Look through the listing below for the line with "Welcome to Kenosha" and the line with "And then I got". Copy both, along with every line between them, exactly and with no pictures.

• TASK INPUT
________________________________________

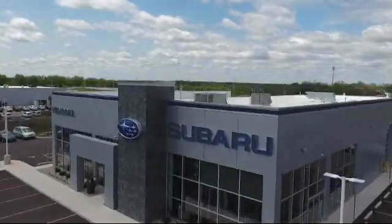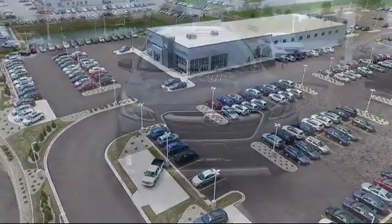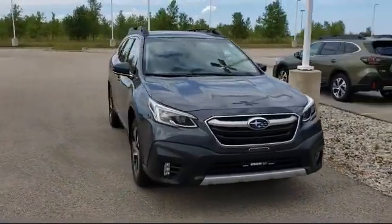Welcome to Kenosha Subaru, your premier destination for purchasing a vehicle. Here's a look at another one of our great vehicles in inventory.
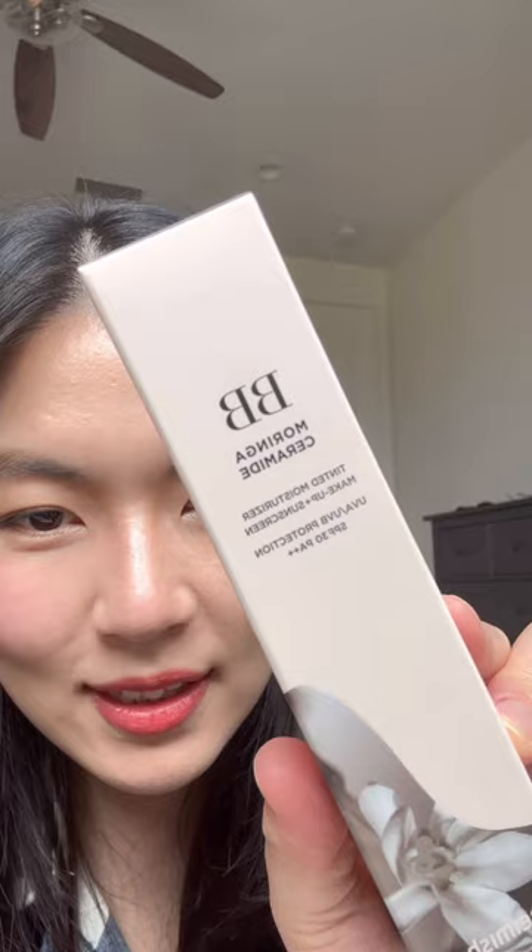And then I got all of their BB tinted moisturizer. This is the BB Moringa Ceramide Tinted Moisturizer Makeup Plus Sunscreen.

________________________________________

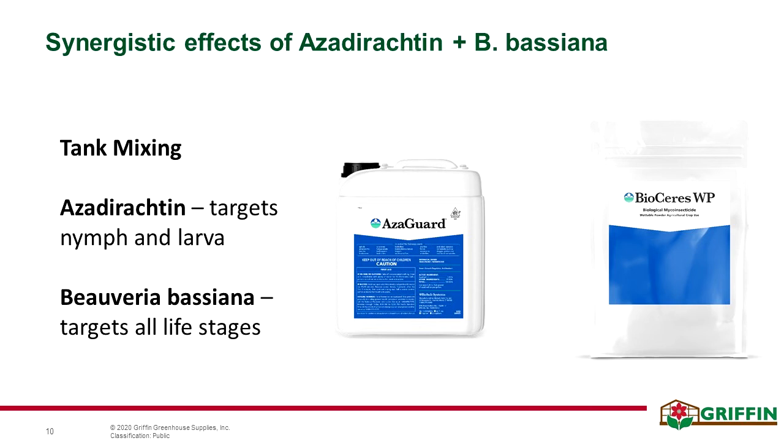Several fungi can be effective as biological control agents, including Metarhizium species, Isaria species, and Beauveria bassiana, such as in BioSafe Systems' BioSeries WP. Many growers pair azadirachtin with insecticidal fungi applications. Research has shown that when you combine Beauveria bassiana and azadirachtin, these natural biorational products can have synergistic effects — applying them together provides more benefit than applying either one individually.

________________________________________

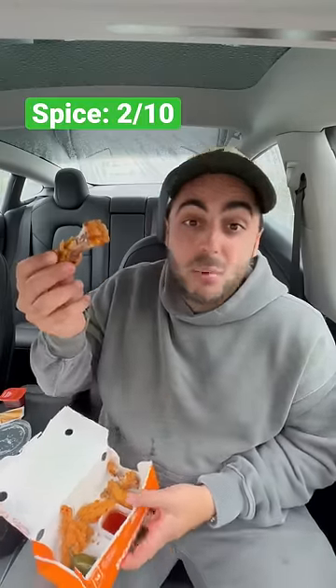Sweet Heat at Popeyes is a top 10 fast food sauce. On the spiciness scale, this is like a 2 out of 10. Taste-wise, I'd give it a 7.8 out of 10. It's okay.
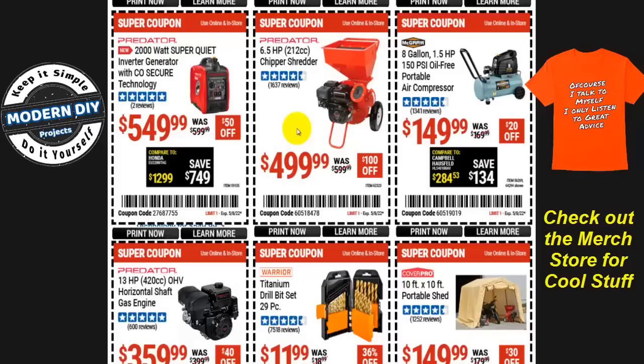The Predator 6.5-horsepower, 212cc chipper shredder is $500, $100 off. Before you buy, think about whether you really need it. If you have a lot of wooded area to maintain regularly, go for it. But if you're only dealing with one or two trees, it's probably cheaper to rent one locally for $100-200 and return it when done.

________________________________________

• WRITTEN RESPONSE
Welcome to Kenosha Subaru, your premier destination for purchasing a vehicle. Here's a look at another one of our great vehicles in inventory.
And then I got all of their BB tinted moisturizer. This is the BB Moringa Ceramide Tinted Moisturizer Makeup Plus Sunscreen.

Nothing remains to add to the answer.